# "Tail Nail"



## ration1802 (Sep 25, 2007)

I know we've had a couple of posts recently about odd 'nails' at the ends of the tail of some rats.

I've been trying for a while to get a pic for you guys, but can I get them to stay still long enough for a pic? Nah! Luckily, I caught Ben munching something soon-to-be-hoarded so took the opportunity.










Ben's is the biggest - I have a few others with varying degrees of lengths.

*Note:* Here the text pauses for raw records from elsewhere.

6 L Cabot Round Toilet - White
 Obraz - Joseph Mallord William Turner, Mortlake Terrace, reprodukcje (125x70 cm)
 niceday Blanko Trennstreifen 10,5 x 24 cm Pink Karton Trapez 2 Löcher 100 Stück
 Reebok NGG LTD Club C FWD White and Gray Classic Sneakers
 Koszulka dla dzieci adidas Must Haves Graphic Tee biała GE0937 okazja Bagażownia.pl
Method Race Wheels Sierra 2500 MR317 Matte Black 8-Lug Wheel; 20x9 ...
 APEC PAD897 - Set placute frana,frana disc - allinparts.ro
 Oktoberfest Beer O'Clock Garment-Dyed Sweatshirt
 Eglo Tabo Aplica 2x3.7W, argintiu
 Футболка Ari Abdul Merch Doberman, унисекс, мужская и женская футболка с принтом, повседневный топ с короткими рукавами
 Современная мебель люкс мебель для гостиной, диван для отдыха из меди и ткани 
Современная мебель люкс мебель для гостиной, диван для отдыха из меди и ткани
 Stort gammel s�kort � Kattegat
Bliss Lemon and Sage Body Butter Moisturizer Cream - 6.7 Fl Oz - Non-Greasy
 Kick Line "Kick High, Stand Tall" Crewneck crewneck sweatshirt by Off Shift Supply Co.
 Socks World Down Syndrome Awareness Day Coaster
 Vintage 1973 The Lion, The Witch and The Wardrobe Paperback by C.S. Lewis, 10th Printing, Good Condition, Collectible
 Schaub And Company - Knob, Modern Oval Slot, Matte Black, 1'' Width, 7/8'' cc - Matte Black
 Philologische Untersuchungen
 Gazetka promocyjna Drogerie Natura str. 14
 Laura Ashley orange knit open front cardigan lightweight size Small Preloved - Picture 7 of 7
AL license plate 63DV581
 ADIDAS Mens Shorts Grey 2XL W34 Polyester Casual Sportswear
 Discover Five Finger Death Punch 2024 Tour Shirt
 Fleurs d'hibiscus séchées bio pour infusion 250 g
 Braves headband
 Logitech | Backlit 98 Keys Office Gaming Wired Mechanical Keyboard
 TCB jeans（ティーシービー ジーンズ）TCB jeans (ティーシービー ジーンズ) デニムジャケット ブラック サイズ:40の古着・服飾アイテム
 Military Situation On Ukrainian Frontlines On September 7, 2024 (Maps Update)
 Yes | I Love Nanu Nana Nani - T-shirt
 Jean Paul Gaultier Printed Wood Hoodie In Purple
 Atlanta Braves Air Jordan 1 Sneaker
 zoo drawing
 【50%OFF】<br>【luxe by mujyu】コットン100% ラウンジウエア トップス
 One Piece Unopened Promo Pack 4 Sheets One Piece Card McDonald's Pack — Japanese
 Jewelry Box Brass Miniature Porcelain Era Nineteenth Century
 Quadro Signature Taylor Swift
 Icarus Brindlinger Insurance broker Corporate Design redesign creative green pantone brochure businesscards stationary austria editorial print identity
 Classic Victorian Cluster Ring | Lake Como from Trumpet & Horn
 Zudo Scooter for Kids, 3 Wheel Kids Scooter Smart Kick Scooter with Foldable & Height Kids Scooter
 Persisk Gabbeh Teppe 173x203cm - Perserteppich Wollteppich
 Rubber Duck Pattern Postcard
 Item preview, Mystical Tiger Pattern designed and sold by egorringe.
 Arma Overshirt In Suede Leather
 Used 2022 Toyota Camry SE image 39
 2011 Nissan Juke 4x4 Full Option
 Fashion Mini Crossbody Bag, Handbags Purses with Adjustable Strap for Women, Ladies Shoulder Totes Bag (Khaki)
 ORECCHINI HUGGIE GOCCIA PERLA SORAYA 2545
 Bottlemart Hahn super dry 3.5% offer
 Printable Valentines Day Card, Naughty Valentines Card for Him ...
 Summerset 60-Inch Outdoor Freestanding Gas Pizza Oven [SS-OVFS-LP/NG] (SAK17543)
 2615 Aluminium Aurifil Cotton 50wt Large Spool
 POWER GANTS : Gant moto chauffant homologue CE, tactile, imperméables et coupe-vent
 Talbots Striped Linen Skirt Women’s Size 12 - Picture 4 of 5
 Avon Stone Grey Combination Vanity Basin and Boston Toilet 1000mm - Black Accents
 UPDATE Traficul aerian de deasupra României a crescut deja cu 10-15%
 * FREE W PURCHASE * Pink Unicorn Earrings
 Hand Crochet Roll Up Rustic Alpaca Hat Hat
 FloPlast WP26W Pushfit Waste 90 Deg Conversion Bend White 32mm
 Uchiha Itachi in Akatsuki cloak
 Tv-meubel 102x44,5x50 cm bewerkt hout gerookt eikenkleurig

No idea what it is, but hey. Now you have your pic


----------



## foxthegoldfish (Mar 4, 2008)

weird!


----------



## rat_ratscal (Sep 23, 2007)

lol, thats weird!

clover has one but it's really small


----------



## Raven-Eve (Feb 25, 2008)

All my babies have thwm, though they are not as big.


----------



## TheFuzzWhisperer (Mar 24, 2008)

whoa. 
that's odd..i've never seen that before!


----------



## sbdirham (Mar 5, 2008)

Vincent had one, but it went away or fell off. I think it may be dead skin like on a rattle snakes tail.


----------



## CaptainFlow (May 16, 2007)

I just saw one on Lola, they're kind of gross. And I just want to pick it off, but luckily I know I shouldn't before I try it...


----------



## gijopuppy (Feb 26, 2008)

is it the bone?


----------



## ration1802 (Sep 25, 2007)

I think it's just a little excess cartledge at the end of the tail forming a little horn. It's completely natural whatever it is


----------



## kenRakuu (Mar 29, 2008)

thats really interesting...


----------



## BowlTipper (Mar 21, 2008)

rat_ratscal said:


> lol, thats weird!
> 
> clover has one but it's really small


I noticed a small one on Brain's tail today.


----------



## JESSU (Aug 8, 2007)

I think it is just old dry skin or something. Noah had one but the other day I was looking at it and I just got it between my fingers and he jumped onto my shoulder and I still was gripping the "nail" and it came off. Didn't seem to bother him at all. I don't think he even noticed. Now there is just a very tiny bit of it left.


----------



## sbdirham (Mar 5, 2008)

Yes, it is just skin. If some of you are bothered by it, a warm cloth and some olive oil will help it come off more easily. I don't worry about it. I think of it as the rattie growing.


----------



## MariHxc (May 23, 2007)

Figgy has it also.
i have no idea whether Eddi had one or not.. i barely even remember him having a tail.


----------



## ration1802 (Sep 25, 2007)

The new boyo Dexter has a great one - it doesn't look 'nail' textured like Ben's, but looks pure white. Like a tiny little horn. It's cute.


----------



## junior_j (Jan 24, 2008)

I do not think my girls have them but then again i have not closely looked
Jess x


----------



## Jingles (Feb 2, 2008)

1 out of my 4 has one


----------



## lilspaz68 (Feb 24, 2007)

Ration1802 said:


> I think it's just a little excess cartledge at the end of the tail forming a little horn. It's completely natural whatever it is


You got it Ration. They often fall off later on.


----------



## ration1802 (Sep 25, 2007)

lilspaz68 said:


> Ration1802 said:
> 
> 
> > I think it's just a little excess cartledge at the end of the tail forming a little horn. It's completely natural whatever it is
> ...


Aww, Ben must have got attached to his! Maybe that's why mum called him 'horn dog' and NOT because he sat for hours watching the girls? :lol:


----------



## OnlyOno (Apr 4, 2007)

i pulled on picasso's once, a long time ago, and boy did she notice! whipped right around to let me know that whatever it was, it is still attached, so please don't do that again! i dunno, i guess i just saw it and figured it was something that she had gotten herself into and needed to be cleaned off, lol. poor thing. i'm sure that she has forgiven me for that by now though. right? right?


----------



## beanieboo-rattles (Jan 3, 2008)

none of my 5 have it.. Odd lol


----------